A sense of Plénitude

Wine Philosophy

Bottles of fine wine can age gracefully and improve with time, developing what the experts call tertiary aromas, usually at the expense of fruit. Assuming proper storage conditions, it matters little whether the cellars where this happens are located in Paris, New York or Tokyo: the outcome will be the same. Not (always) so much with Champagne, however.

Indeed the specificity of Champagne, since its origins, is that it undergoes a secondary fermentation inside the bottle. This is what creates the fizz that once had Dom Pierre Pérignon enthusiastically exclaim “Come, I am drinking stars!” when he first tasted the sparkling wine that is now celebrated all over the world. The yeast performing this secondary fermentation turns into lees that remain in the bottle until it is disgorged.
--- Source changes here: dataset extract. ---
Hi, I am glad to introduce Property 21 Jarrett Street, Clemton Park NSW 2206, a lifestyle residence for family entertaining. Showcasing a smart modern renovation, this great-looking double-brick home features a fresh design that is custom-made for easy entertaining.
Then and only then is it fit to be tasted by Champagne lovers, and to be stored like any other bottle of fine wine for future enjoyment. However what happens when a bottle is not disgorged? The lees participate in a mysterious evolution of the wine in the bottle, singular to each cuvée and carefully monitored by the Chef de Cave.
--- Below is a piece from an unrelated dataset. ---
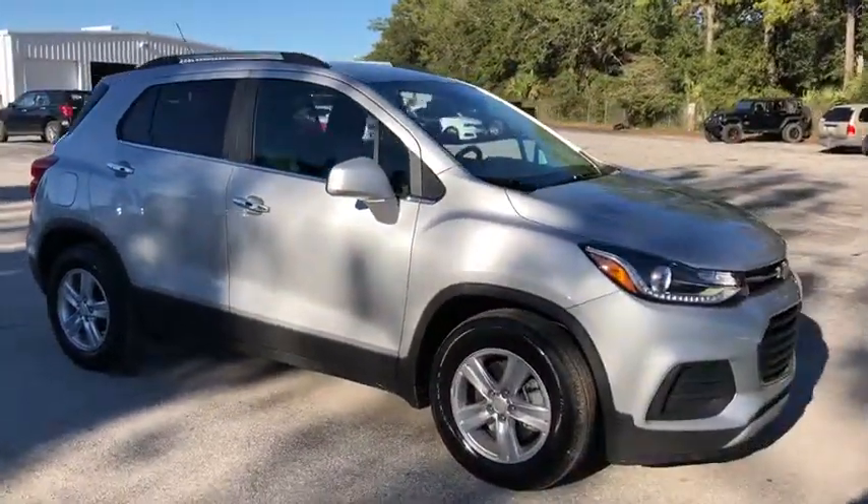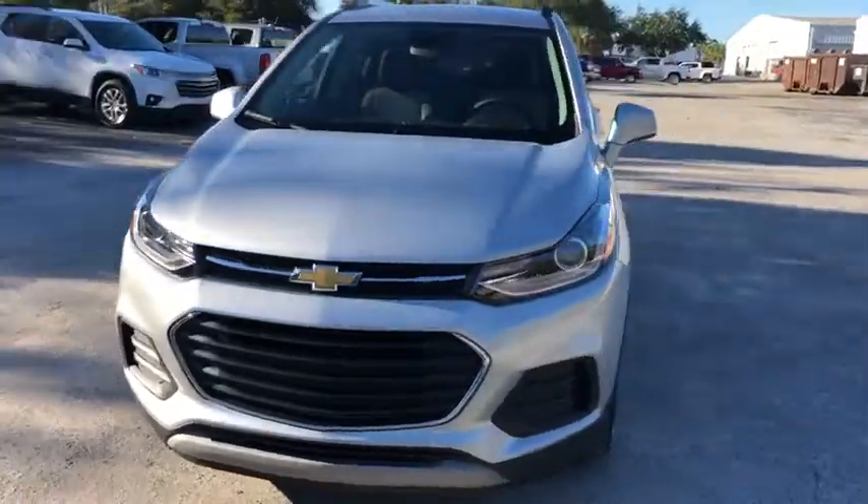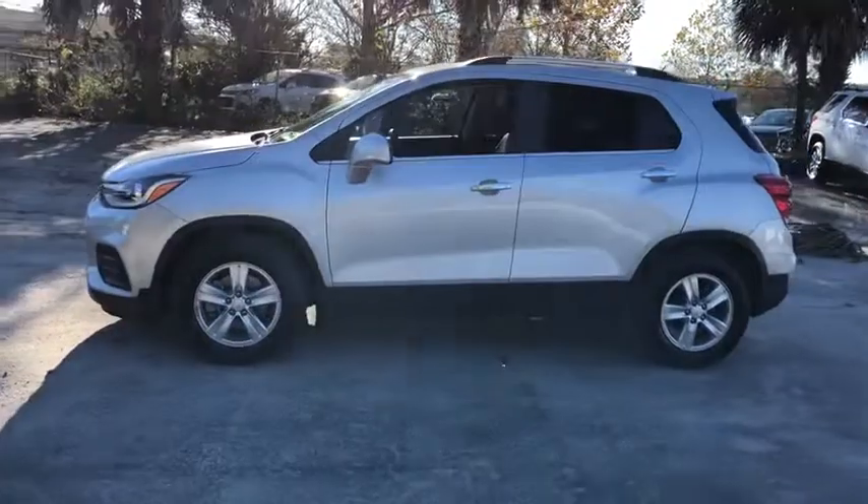The 2019 Chevrolet Trax. The Trax is tiny on the outside, but remarkably spacious within. It comes with a clean and modern interior. Here are some of this vehicle's great options.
In the case of Dom Pérignon, it is a slow yet active maturation, keeping each vintage alive and bafflingly— insolently—youthful. The wine continues to evolve and be magnified. A confounding process: wouldn’t we all like to mature yet remain young? This is the paradox of Dom Pérignon and it makes all the difference in the world.

Each vintage of Dom Pérignon is disgorged and (re)released only when I consider it has reached a new Plénitude, a privileged period of time when Dom Pérignon attains its radiance. Its development comes in successive plateaux which define as many windows of expression I decided to call Plénitudes: the wine then tells us a story that is new and exciting enough to be worth sharing.

After around nine years, Dom Pérignon reaches its first Plénitude and is called Dom Pérignon Vintage. The first Plénitude shows promise, completeness and harmony. Everything is in place. Our new release is Dom Pérignon Vintage 2006.

Some years later, the wine reaches its second Plénitude: this is Dom Pérignon P2. Stored deep into our cellar, the slow yeast maturation taking place in the bottle is inimitable and irreproducible. Dom Pérignon in its second Plénitude is more intense, precise and vibrant, energized by the transformation. A true metamorphosis: its universe has expanded. Dom Pérignon P2 1998 is being currently released.

Finally, the third Plénitude, Dom Pérignon P3, is reached after a longer period of over twenty five years. At this venerable age, all the components are completely integrated and the wine has become more streamlined and complex than ever. The third Plénitude reveals the heritage of Dom Pérignon, a living memory passed down through the generations of Chefs de Cave.

Many Dom Pérignon lovers like to compare the trajectories of a bottle of Dom Pérignon Vintage, stored at their place, side by side with a bottle of Dom Pérignon P2 or P3 longer stored on its lees in our cellars in Epernay. The three Plénitudes side by side is the ultimate horizontal tasting of one and only vintage. Each wine—each Plénitude—will reveal a different facet of Dom Pérignon: P2 and P3, thanks to the extra time spent maturating on their lees under our careful attention, will grant you an experience ever closer to the Spirit of Dom Pérignon.

Richard Geoffroy

Richard Geoffroy, Creator and Chef de Cave of Dom Pérignon since 1990.